With the first day's play of the opening Test between England and Pakistan washed out at Lord's yesterday, rain is threatening to wreak havoc with the two-match series. There is already speculation that the second Test, which is due to start in less than a fortnight, will have to be moved from Old Trafford because of waterlogging.

While the forecast is for better conditions at Lord's from today, the outlook is less encouraging in the North-West. A ball has yet to be bowled on the Old Trafford square this season after a seventh successive day was lost to the weather yesterday. The second day between Lancashire and Glamorgan was washed out, following Wednesday's first day, the National League match against Hampshire and the four days of the opening Championship fixture against Surrey.

The difficulty arises from the current level of the water table at Old Trafford. Any heavy shower, like those of the last 72 hours, brings water to the surface and turns part of the outfield into a morass. The drainage system is being gradually replaced, but as the groundsman, Peter Marron, points out: "Hard as we work to get the water away what we desperately need is a prolonged dry spell to give the ground a chance to recover."

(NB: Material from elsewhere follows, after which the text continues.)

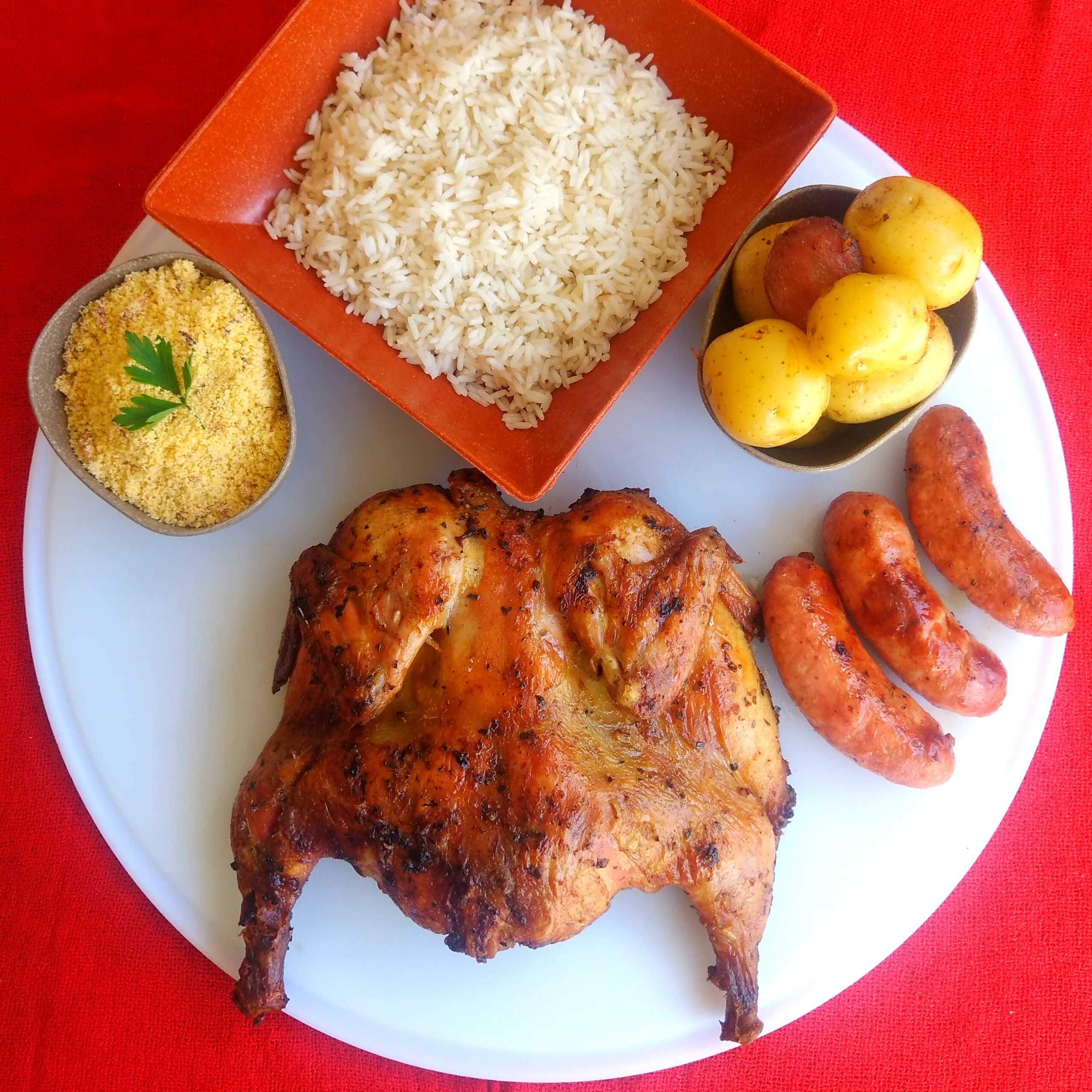 Combo completo pra quem não brinca em serviço: frango assado com farofa, batata, linguiça e arroz soltinho. É comer rezando!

Lancashire have not yet made any contingency plans for the Test which starts on 31 May in the hope that another burst of fine weather will return. The poor conditions have already forced Lancashire to transfer their Benson and Hedges Cup games to the Liverpool ground at Aigburth, where results have been obtained this season despite interruptions for rain.

The Lancashire chief executive, Jim Cumbes, said: "The umpires were hoping to start about tea-time on Wednesday before we had another heavy rainfall followed by sporadic rain all night."

In the past Lancashire, like Yorkshire, often sought a southern tour in May to take advantage of the earlier spring in the south and east, but modern two-division fixture planning, rigidly scheduled around a vast international programme, allows no such favours. There was always the possibility of one of the northern counties losing their First Division status simply because they were unable to complete enough of their home games.